En effet, l’enseignement est porteur d’attentes aussi importantes que justifiées : pour faire face à de tels enjeux, l’éducation, l’enseignement, l’école sont des armes d’instruction massives.

Ainsi en va-t-il de l’intégration des migrant-e-s. Or, il y a quelques jours, nous apprenions par voie de presse, l’annonce enthousiasmante d’un renforcement, via un nouveau décret, du dispositif DASPA, dispositif organisé dans différentes écoles de la Fédération Wallonie-Bruxelles pour apprendre le français aux élèves primo-arrivants. Ce projet, approuvé la semaine dernière à l’unanimité par la Commission Éducation du Parlement de la Fédération Wallonie-Bruxelles, propose quelques avancées bienvenues pour ces Dispositifs d’Accueil et de Scolarisation des élèves Primo-Arrivants (DASPA) : gratuité d’équivalences pour certaines catégories d’élèves, allongement possible de la fréquentation du DASPA jusqu’à 24 mois, etc. Toutefois, il cache aussi un solide retour en arrière, des discriminations notoires et une méconnaissance du travail mené sur le terrain.

L’exclusion du dispositif d’une série d’élèves ne parlant pourtant pas un mot de français

Le DASPA a pour objectif d’accueillir, au sein de nos établissements scolaires, les élèves primo-arrivants originaires de pays étrangers qui ne connaissent pas notre langue, ni notre système éducatif et qui arrivent parfois sans aucun bagage scolaire. Ce dispositif, anciennement connu sous le nom de « classes-passerelles », apporte un soutien ciblé à ces jeunes afin de leur permettre de pouvoir évoluer, pendant une durée limitée, dans un environnement pédagogique adapté à leurs difficultés. Il semble donc logique que tous les élèves ne maitrisant pas la langue d’enseignement puissent en bénéficier. Or, à la lecture du projet de décret, nous constatons que, dès l’entrée en vigueur de celui-ci, les enfants issus d’une série d’États de l’Union européenne, tels que l’Italie, l’Espagne ou encore le Portugal, en seront exclus.

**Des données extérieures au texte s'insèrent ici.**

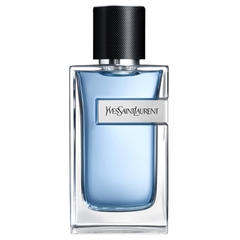 YSL Y EDT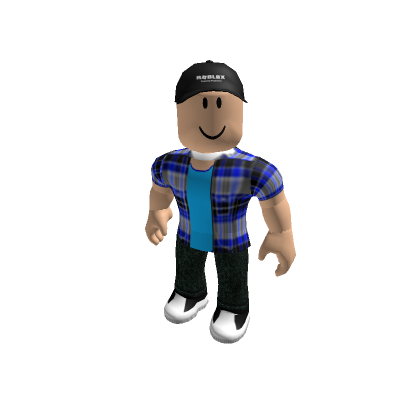 Full avatar of MariaPpminegirl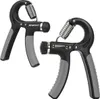 Handgreep met verstelbare weerstand, 5-20 kg, januari fit Productafbeelding-voorbeeld 1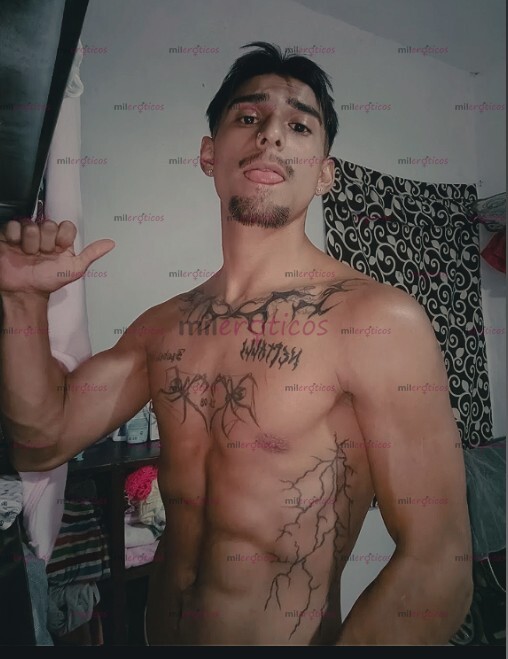 FOTOS DE TE DARE UN EXELENTE SERVICIO Y SIN DUDA ALGUNA QUEDARÁS MÁS QUE SATISFECHA JSJS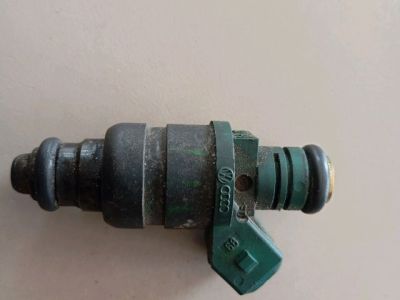 Porlasztó (1 db) - Porlasztó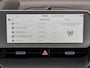 Hyundai Ioniq 5 Connect+ 73kWh | SOH 100% | Trekhaak | Leder | HUD | Bose Audio | Warmtepomp | ACC | Keyless | Stoel-/Stuurverwarming | 19"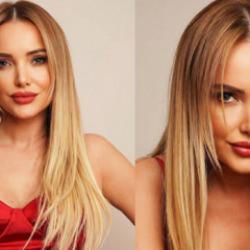 Savcılık, Meral Kaplan'ın hapsini istedi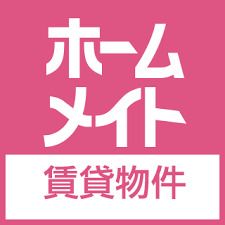 いえらぶ不動産会社検索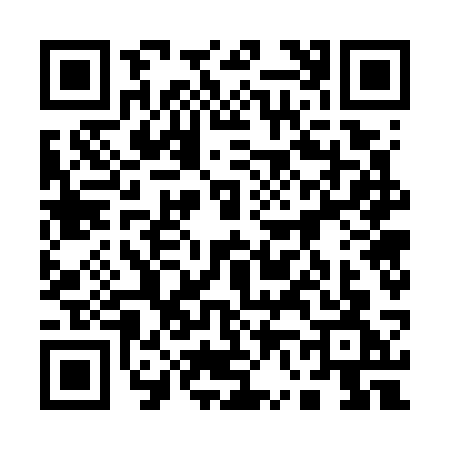 QR code for 16773G3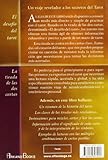 Image de El Corazon Del Tarot/ the Hear of the Tarot: Facil, Rapido Y Accesible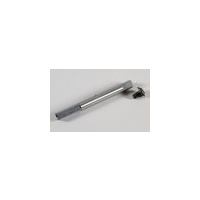 "DISCONTINUED" FG 66216 Tuning Gear Shaft Hardened 4WD, 1pce.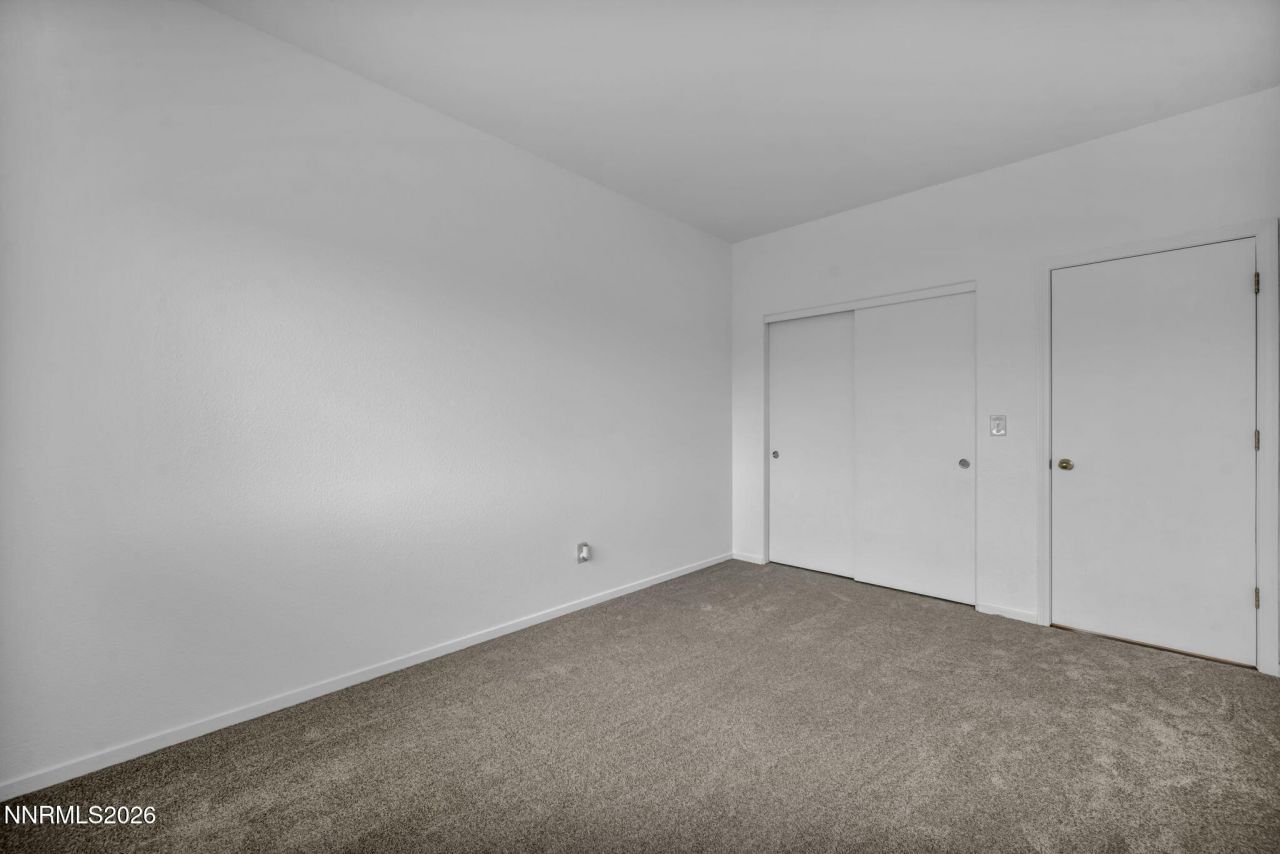 9470 Stoney Creek Way, Reno, NV 89506 Photo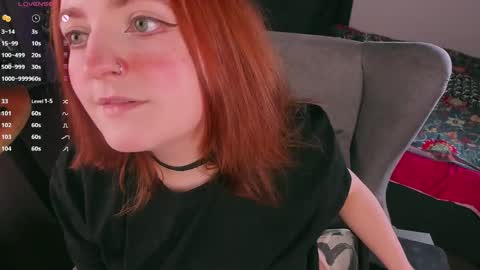 Snapshot of juliet_schoolgirl chatting on February 2025 07:38:01 PM Juliet online show from February 2025 07:38:01 PM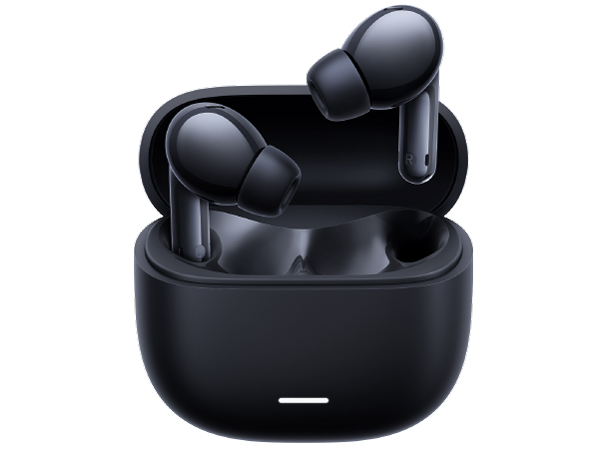 Redmi Buds 6 Lite [ブラック]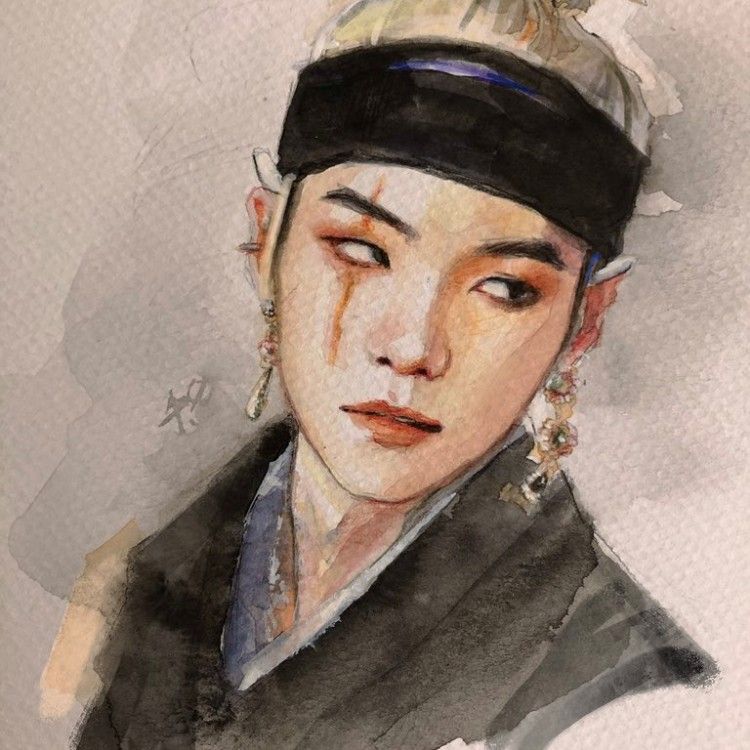 슈가 (방탄소년단)의 최신 사진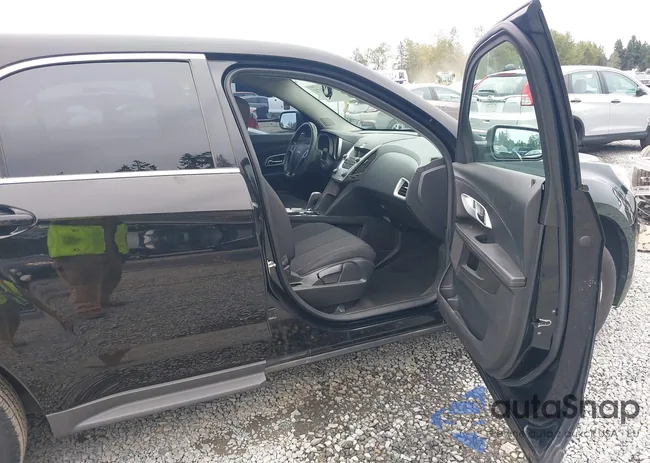 2GNALAEK7F1167374: 43348172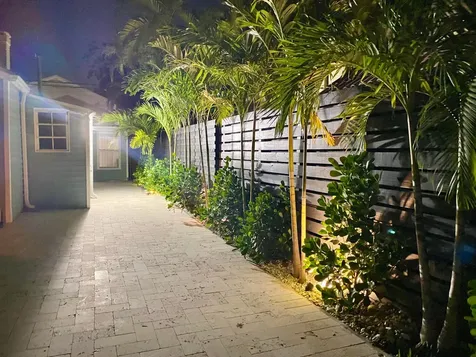 1216 SE 1st Street Fort Lauderdale FL 33301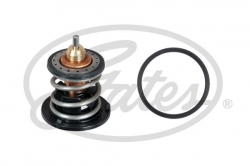 GATES TH60380G1 Termostat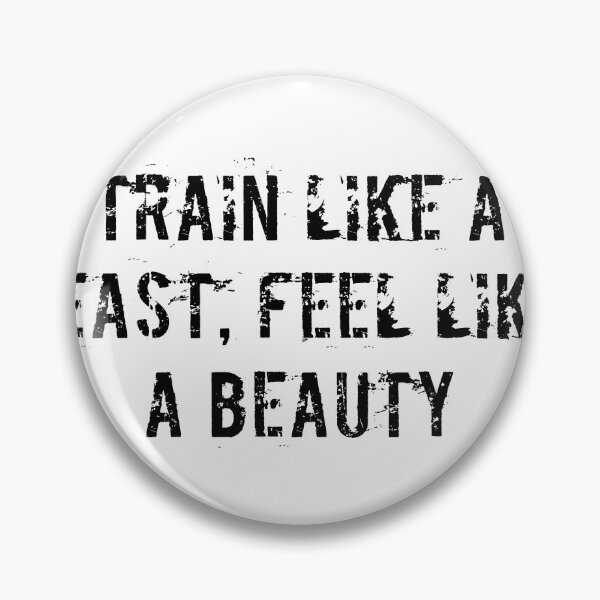 Item preview, Train Insane or Remain the Same designed and sold by Ninjacatoff.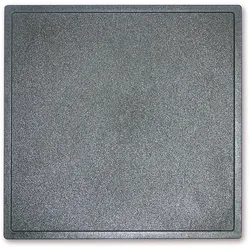 Janitza Electronic Blindabdeckung BA96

Si ce décret est voté, cela signifie donc que ces jeunes ne bénéficieraient pas des mêmes chances de réussite que leurs alter ego alors qu’ils seront objectivement dans une situation identique, à savoir la non connaissance de la langue française. Ainsi, dans une même cour de récréation, un élève brésilien parlant portugais pourrait bénéficier d’un encadrement spécifique pour l’apprentissage du français afin de favoriser son intégration et son parcours scolaire, mais un élève portugais, dans les mêmes conditions, ne pourrait pas en profiter. Ce dernier serait donc directement immergé dans une classe « traditionnelle » alors qu’il ne parle pas un mot de français et que son statut socioéconomique n’est pas nécessairement privilégié. C’est une aberration : le dispositif DASPA a justement été créé, il y a plus de 10 ans, suite au constat qu’une telle intégration immédiate ne fonctionnait pas. En outre, exclure ces élèves du dispositif relève d’une véritable discrimination sur la base de la nationalité, un critère sans pertinence pédagogique ou socioculturelle. Comme le souligne la Ligue des Droits Humains, il eût été préférable, au regard du droit de l’UE, des lois anti-discriminations et de l’intérêt supérieur de l’enfant, de prévoir un système qui inclut l’ensemble des jeunes étant dans une situation objectivement identique, sans faire de distinction sur la base de leur nationalité.

L’immersion des élèves

Une deuxième préoccupation concerne l’immersion progressive des élèves primo-arrivants ou assimilés. Ainsi, le projet de décret prévoit qu’après huit mois, l’élève inscrit dans un DASPA soit immergé un minimum de six périodes par semaine au sein de sa classe d’âge ou de l’année d’étude envisagée. A première vue, cette intégration progressive semble tout à fait judicieuse, du moins pour les élèves ayant suivi une scolarité régulière dans leur pays d’origine, ce qui est loin d’être le cas pour nombre de jeunes. Cependant, même pour ces élèves, ce projet pose de sérieuses questions quant à son organisation et à son caractère opérationnel.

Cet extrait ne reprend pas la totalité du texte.